По коридору, громко топая, промаршировала команда, и, воспользовавшись шумом, Даллас постарался втолковать Брону самое необходимое:
— Замутненное сознание… немота… челюстные судороги…
Ему хотелось крикнуть: «Да сообрази же ты наконец, балда!»
Но Брон улыбался все той же упрямой, недоверчивой улыбкой.
— Доктора Паркинсона, — продолжал Даллас, — больше всего заинтересовали рентгеновские снимки. Он указал мне на небольшое обызвествление в заднетеменной области, которое я прозевал. Я объяснил ему, что условия работы ограничивают мой опыт.
Так как рентгеновские снимки хранились у Далласа, ему ничего не стоило подправить их. Со спокойной решимостью он взял снимки, подтвердившие классический случай синдрома Стэрджа-Уибера, и подменил ими снимки в деле Брона, которые ничего похожего не показывали. Он надеялся, что Паркинсон не настолько подозрителен и энергичен, чтобы заново делать рентген, да и повторять артериограмму слишком хлопотно.
И вот теперь этот уэльский крестьянин не желает, чтобы его спасли. Прирожденная покорность судьбе либо уже одержала над ним верх, либо вот-вот одержит.
Спасая Брона, Даллас в последний раз пытался оправдаться в собственных глазах, прежде чем оставить пост тюремного врача. Неделей раньше он обедал у начальника тюрьмы в Хэйхерсте и упомянул, что хочет уйти с этой службы.
«Вот уже три года я вынужден молча смотреть, как людей наказывают за то, что они больны. Это все равно как если бы мы лечили пневмонию, раздевая больного и выталкивая его на мороз».
Начальник тюрьмы извинился и сказал, что ничем не может помочь.
«Напишите члену парламента от вашего графства. Я всего лишь исполнитель, нажимаю на рычаги этой машины. Хотя неизвестно зачем: они прекрасно могут работать сами».
В коридоре снова затопали. Даллас придвинулся к Брону и почти закричал:
— Да помогите же мне! Без вашей помощи я ничего не смогу сделать.
Хорош психиатр, подумал он. Никому не сумел помочь, а теперь помешался на спасении одного-единственного пациента, как будто этим можно все искупить.
В дверь заглянул надзиратель, он еще не успел подавить зевок, а левой рукой явно только что чесался.
— Вы звали, сэр?
Едва за ним закрылась дверь, Брон сказал:
— Я думал, в Хэйхерсте меня совсем вылечили.
— На это не было никакой надежды, — ответил Даллас.

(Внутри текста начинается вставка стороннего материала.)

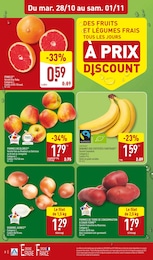 Prix et réduction Bio dans le prospectus Aldi en cours Offre Bio dans le catalogue Aldi du moment à la page 2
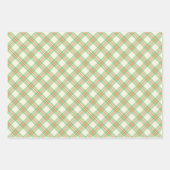 Modernes, festliches und orangefarbenes Kariertes Geschenkpapier Set (Vorderseite)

— Тогда вы говорили по-другому.
— Вам вредно было знать всю правду. Принимай вы лекарство, никакой беды не случилось бы. Но это-то мы и не сумели обеспечить. Я должен был бы после освобождения поместить вас в местный дом для душевнобольных, но мне не дано такого права. Будь вы даже буйнопомешанным, я и то ничего не мог бы поделать. Уверен, что через несколько дней после выхода из Хэйхерста у вас был приступ. Все, что мне удалось разузнать о вашем поведении, соответствует эпилептическому припадку с последующим автоматизмом. Взять хотя бы это ваше знаменитое алиби. Как бы вы сами в него ни верили, это явно плод вашей фантазии.
— Вы попали в самое больное место, — сказал Брон. — История с этой женщиной — вот что меня сбивает с толку. Хоть убей, не пойму, почему она все отрицала.
— А она не могла не отрицать, — сказал Даллас.